The stdev of your results looks quite high for a perf bench sched
pipe. I usually got something around 1%

>
> At least I didn't see the regression.
> >
> >>
> >> Would you mind share uperf(netperf load) result on your side?
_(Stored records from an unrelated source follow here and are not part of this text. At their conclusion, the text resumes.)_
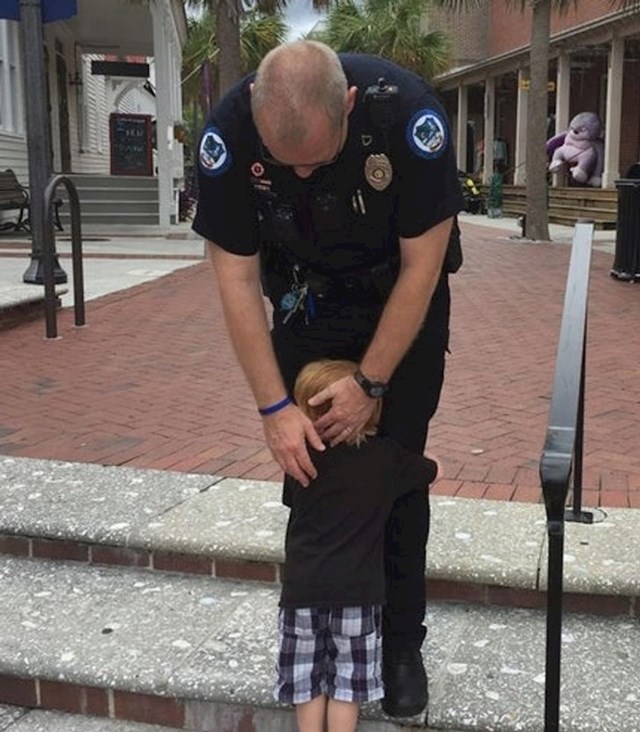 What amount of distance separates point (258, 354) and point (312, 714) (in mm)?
842

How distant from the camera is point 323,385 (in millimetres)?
2148

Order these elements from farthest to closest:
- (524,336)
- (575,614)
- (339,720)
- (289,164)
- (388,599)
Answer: (524,336), (575,614), (388,599), (339,720), (289,164)

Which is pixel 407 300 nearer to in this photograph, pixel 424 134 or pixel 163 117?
pixel 424 134

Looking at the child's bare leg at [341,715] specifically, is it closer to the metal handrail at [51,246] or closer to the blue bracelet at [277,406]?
the blue bracelet at [277,406]

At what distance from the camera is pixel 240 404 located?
16.0ft

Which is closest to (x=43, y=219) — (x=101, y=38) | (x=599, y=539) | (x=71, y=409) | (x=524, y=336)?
(x=71, y=409)

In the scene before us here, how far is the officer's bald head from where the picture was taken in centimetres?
186

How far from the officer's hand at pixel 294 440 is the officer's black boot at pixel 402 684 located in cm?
58

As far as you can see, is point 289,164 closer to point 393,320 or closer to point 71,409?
point 393,320

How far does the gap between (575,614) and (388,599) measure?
81 cm

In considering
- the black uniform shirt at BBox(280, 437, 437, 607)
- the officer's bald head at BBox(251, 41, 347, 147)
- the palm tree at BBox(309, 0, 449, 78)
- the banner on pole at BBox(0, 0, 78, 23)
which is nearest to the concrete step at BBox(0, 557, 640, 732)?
the black uniform shirt at BBox(280, 437, 437, 607)

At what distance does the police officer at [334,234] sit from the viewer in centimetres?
193

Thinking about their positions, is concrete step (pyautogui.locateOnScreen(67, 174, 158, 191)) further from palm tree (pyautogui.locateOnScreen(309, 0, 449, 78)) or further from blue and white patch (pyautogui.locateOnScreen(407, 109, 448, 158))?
palm tree (pyautogui.locateOnScreen(309, 0, 449, 78))

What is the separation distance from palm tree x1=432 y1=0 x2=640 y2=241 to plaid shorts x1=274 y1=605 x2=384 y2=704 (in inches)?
503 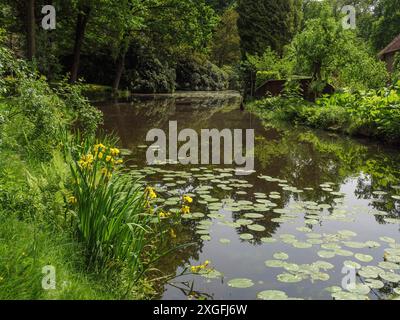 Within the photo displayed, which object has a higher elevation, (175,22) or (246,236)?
(175,22)

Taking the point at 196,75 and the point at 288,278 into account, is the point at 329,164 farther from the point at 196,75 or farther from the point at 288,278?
the point at 196,75

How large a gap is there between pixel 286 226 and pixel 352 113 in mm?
10561

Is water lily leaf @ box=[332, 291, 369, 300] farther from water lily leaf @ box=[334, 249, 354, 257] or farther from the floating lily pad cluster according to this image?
water lily leaf @ box=[334, 249, 354, 257]

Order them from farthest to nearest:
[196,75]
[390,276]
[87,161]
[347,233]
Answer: [196,75] → [347,233] → [87,161] → [390,276]

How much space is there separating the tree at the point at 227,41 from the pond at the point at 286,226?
1744 inches

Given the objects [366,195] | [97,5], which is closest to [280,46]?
[97,5]

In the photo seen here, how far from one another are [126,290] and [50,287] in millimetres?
813

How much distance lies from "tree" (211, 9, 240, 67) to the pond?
44.3 m

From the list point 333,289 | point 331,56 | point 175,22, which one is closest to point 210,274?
point 333,289

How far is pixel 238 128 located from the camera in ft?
54.2

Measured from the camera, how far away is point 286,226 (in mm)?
5773

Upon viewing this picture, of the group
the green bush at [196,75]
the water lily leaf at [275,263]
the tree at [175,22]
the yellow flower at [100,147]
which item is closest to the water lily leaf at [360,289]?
the water lily leaf at [275,263]

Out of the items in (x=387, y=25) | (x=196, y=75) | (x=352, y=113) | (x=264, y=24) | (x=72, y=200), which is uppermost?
(x=264, y=24) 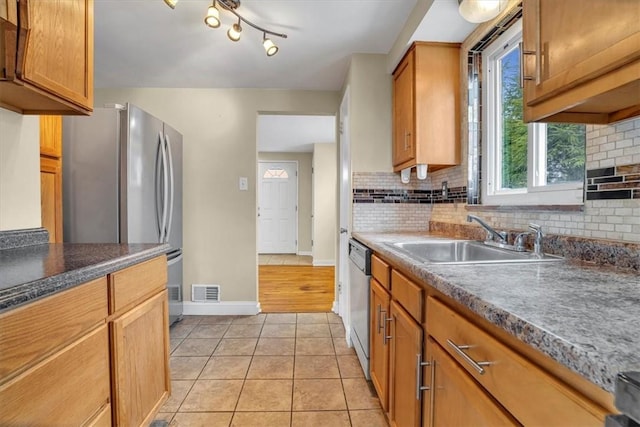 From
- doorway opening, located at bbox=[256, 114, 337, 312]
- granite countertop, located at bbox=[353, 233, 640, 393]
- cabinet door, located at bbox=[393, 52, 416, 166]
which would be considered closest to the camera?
granite countertop, located at bbox=[353, 233, 640, 393]

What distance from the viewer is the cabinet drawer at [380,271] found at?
55.6 inches

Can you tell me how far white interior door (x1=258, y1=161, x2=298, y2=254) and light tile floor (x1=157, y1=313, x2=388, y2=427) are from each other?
386 centimetres

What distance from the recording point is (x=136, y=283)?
1.22 m

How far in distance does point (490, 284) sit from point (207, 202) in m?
2.80

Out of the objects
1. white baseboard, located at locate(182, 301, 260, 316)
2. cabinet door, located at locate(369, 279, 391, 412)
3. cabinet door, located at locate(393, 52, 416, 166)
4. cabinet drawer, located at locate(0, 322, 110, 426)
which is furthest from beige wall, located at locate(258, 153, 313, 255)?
cabinet drawer, located at locate(0, 322, 110, 426)

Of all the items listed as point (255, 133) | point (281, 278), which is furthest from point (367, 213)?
point (281, 278)

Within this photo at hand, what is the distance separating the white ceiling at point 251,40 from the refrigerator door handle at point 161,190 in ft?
2.22

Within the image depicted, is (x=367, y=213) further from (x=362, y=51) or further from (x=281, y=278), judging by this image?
(x=281, y=278)

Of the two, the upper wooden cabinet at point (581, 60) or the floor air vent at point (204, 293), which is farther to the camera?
the floor air vent at point (204, 293)

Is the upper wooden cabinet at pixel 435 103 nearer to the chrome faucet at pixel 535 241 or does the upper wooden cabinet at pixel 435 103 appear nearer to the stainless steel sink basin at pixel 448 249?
the stainless steel sink basin at pixel 448 249

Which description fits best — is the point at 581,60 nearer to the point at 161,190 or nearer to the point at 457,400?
the point at 457,400

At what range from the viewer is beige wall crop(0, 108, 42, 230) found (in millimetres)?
1293

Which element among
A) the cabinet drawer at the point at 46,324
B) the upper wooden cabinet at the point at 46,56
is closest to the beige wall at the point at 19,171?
the upper wooden cabinet at the point at 46,56

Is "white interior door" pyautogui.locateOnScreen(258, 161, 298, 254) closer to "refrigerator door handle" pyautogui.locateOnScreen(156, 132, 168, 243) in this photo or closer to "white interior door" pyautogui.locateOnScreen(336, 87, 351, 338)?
"white interior door" pyautogui.locateOnScreen(336, 87, 351, 338) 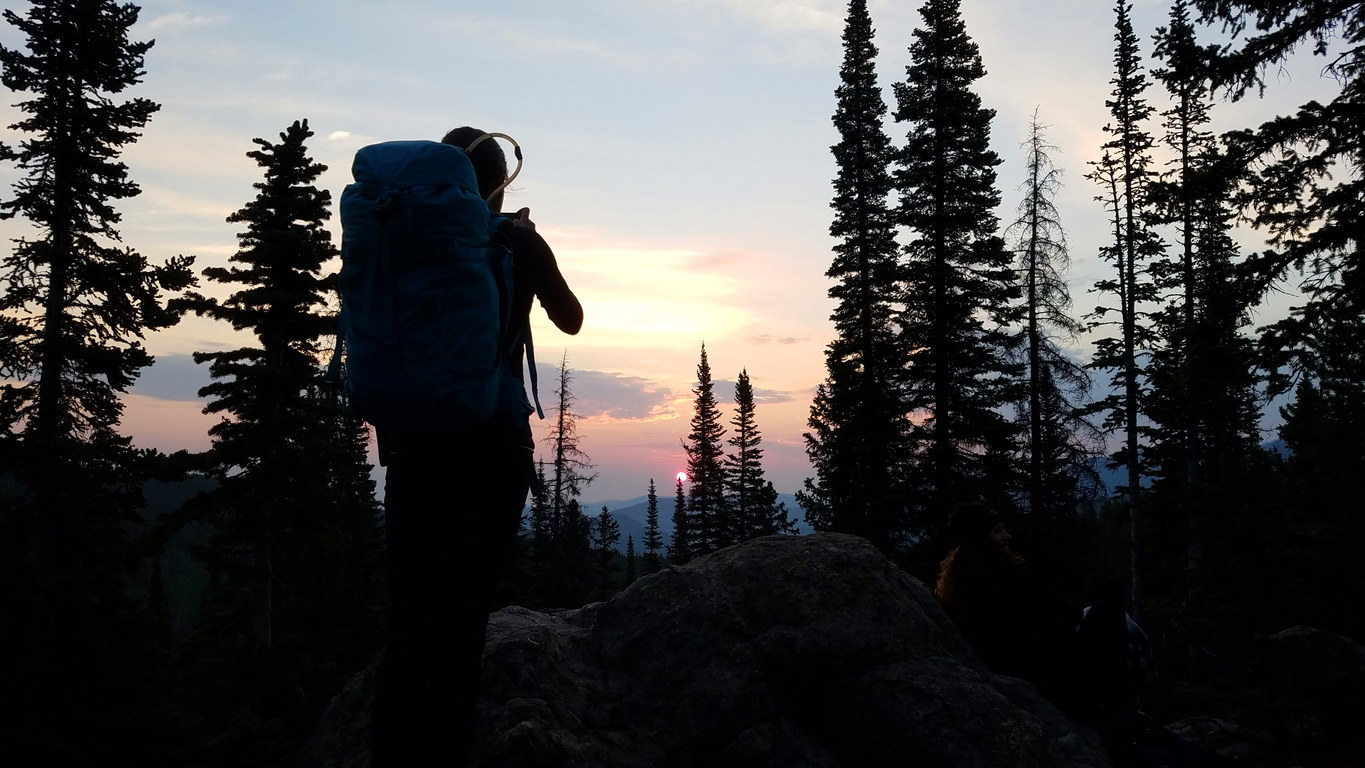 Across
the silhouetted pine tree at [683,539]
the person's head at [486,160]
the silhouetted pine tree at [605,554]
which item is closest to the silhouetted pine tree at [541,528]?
the silhouetted pine tree at [605,554]

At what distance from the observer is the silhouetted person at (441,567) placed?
2643mm

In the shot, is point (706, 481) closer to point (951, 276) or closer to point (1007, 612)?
point (951, 276)

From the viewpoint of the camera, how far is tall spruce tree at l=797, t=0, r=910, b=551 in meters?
26.7


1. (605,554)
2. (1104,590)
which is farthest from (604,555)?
(1104,590)

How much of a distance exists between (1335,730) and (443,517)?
13.6 m

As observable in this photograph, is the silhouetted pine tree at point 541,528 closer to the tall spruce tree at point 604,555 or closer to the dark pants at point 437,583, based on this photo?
the tall spruce tree at point 604,555

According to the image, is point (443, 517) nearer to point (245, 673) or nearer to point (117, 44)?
point (245, 673)

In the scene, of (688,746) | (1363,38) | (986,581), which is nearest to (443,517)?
(688,746)

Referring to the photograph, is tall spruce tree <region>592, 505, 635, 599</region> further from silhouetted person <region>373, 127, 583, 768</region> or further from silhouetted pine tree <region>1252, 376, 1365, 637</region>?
silhouetted person <region>373, 127, 583, 768</region>

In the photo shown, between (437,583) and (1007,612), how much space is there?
4770 mm

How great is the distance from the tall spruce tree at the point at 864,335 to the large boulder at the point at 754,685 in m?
20.6

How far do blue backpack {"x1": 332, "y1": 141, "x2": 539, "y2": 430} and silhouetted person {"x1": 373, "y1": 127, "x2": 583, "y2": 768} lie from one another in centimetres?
12

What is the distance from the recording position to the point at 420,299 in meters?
2.57

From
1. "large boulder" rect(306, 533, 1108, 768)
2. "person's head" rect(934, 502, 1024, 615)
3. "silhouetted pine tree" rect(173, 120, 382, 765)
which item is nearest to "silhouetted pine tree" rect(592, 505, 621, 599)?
"silhouetted pine tree" rect(173, 120, 382, 765) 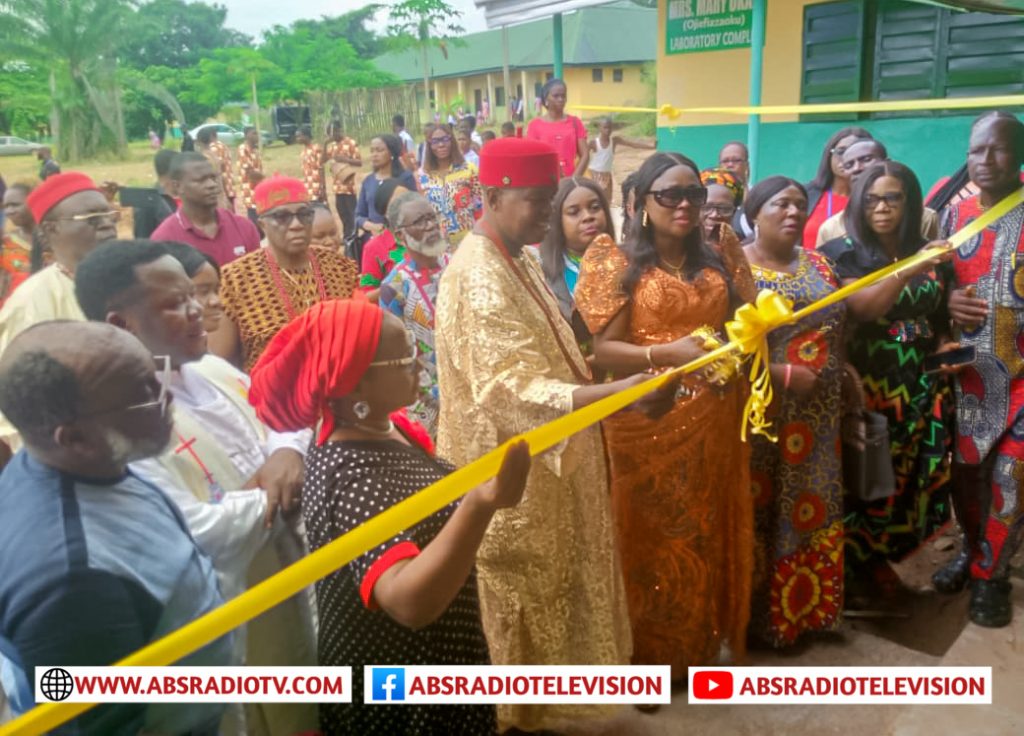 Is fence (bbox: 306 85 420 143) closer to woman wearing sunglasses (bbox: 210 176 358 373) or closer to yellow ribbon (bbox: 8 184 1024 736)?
woman wearing sunglasses (bbox: 210 176 358 373)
That's the
> >> workload I have seen the most benefit this patch contributed under heavy
> >> load level.
> >
> > with uperf, i've got the same kind of result as sched pipe
> > tip/sched/core: Throughput 24.83Mb/s (+/- 0.09%)
> > with this patch: Throughput 19.02Mb/s (+/- 0.71%) which is a 23%
> > regression as for sched pipe
> >
> In case this is caused by the logic error in this patch(sorry again), did
> you see any improvement in patch V2? Though it does not helps for nohz=off
> case, just want to know if it helps or does not help at all on arm platform.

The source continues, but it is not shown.